The Deep Six (novel)
Author | Martin Dibner |
---|---|
Country | United States of America |
Language | English |
Genre | World War II Novel |
Publisher |
Doubleday & Co, New York Pinnacle, Los Angeles |
Publication date | 1953 |
Media type | Print (paperback) |
Pages | 281 (Pinnacle) |
ISBN | 0-523-40916-8 |
The Deep Six is a 1953 novel by Martin Dibner (1911-1992) describing the experiences of a group of U.S. Navy sailors fighting in the Aleutian Islands Campaign in 1943 during World War II. The novel, based on the author's experiences serving in the light cruiser USS Richmond during the same campaign, is written in a terse Hemingwayesque style and was a contemporary of Nicholas Monsarrat's novel The Cruel Sea and The Caine Mutiny by Herman Wouk. The novel reached the New York Times Bestseller List for the week of September 6, 1953, ranked 16th in sales, and appeared six times on the list until October 18, fluctuating between 14th and 16th.
A third person narrative, the novel is written primarily from the point of view of Alec Austen, an artist obsessed with his painting who joins the navy to escape personal conflicts at the advertising agency at which he works and becomes an assistant gunnery officer aboard the USS Atlantis, a light cruiser identical to Richmond. The novel explores several themes, among them abuse of authority by officers, racial discrimination, the clinging by the regular navy chain of command early in the war to archaic customs and traditions detrimental to morale and the safety of the ship in combat; homosexual rape aboard ship; and the assignment in the expanded wartime navy of incompetent or marginally qualified regular officers to positions of trust and authority. The second half of novel covers a 36-hour period aboard Atlantis in which all the themes come to a head, culminating in a surface battle closely resembling the Battle of the Komandorski Islands.
Motion picture rights to the The Deep Six were purchased by Jaguar Productions in 1955 and became a feature film starring Alan Ladd as Austen. The film version transformed the cruiser into a destroyer and created a plot line that did not exist in the book, using Austen's Quaker background as a starting point for a theme of pacifism versus duty during war. The title is a reference to burial at sea, i.e. "given the deep six."[1]
Plot summary
During a gunnery drill aboard the light cruiser USS Atlantis, on patrol west of the Aleutian Islands, a gun barrel of a dual 40mm mount explodes, killing one member of the gun crew and seriously injuring two others. The ship's gunnery officer, Lieutenant Commander Dooley, is terrified by gunfire and accidentally breaks his leg trying to flee the vicinity after the explosion. The gun captain, Frenchy Shapiro, acts promptly to prevent further disaster by unloading the other gun. The officer in charge of the gun mount, Lieutenant (junior grade) Alec Austen, praises Shapiro in his report but avoids any hint of Dooley's cowardly behavior. The Atlantis returns to Adak to send the injured ashore and obtain a new gun barrel.
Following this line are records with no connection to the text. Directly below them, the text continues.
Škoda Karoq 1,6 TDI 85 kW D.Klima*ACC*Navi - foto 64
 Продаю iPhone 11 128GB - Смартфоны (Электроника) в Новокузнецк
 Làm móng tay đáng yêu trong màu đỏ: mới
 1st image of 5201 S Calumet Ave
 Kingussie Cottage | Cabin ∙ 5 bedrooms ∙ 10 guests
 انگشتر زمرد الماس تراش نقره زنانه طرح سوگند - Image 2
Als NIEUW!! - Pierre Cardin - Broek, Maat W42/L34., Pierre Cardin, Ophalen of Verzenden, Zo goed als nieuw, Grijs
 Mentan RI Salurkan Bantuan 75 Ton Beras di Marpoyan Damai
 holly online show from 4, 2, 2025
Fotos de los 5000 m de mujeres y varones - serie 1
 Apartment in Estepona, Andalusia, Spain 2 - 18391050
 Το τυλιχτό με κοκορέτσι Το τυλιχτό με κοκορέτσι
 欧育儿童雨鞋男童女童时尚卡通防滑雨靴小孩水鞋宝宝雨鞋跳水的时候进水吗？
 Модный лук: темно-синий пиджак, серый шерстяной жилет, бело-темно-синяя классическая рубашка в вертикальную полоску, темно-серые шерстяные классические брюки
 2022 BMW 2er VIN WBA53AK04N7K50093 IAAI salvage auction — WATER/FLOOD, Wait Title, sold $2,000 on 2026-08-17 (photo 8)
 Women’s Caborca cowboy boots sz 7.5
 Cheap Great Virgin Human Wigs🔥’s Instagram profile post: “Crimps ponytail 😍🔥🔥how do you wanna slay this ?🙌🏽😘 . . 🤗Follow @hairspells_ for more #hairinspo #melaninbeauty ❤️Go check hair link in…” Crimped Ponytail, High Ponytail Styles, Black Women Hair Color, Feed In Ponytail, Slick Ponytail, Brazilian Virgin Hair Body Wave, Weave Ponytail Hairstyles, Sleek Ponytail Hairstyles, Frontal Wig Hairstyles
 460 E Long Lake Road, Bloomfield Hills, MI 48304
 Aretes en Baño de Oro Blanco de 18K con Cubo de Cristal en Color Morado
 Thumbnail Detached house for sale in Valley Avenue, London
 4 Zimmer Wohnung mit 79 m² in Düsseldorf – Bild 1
Austen, an artist in civilian life, is resentful of being cajoled by Captain Meredith, the skipper of the Atlantis, into painting his portrait, since the favoritism inherent in the situation makes him perceived to be the captain's pet. At Adak the captain sends Austen ashore to pick up a new gun barrel for the 40mm but actually wants him to obtain molding for fashioning a frame for his portrait. This draws resentment from the ship's executive officer, who is jealous of his access to the captain, and the officer of the deck, Ensign Mike Edge, a former enlisted man contemptuous of "trade school" reserve officers such as Austen. Austen succeeds in acquiring the picture frame but not the gun barrel because the Army general in command on Adak countermanded the order for the barrel to make room on the cargo plane for a cow to provide himself with fresh milk.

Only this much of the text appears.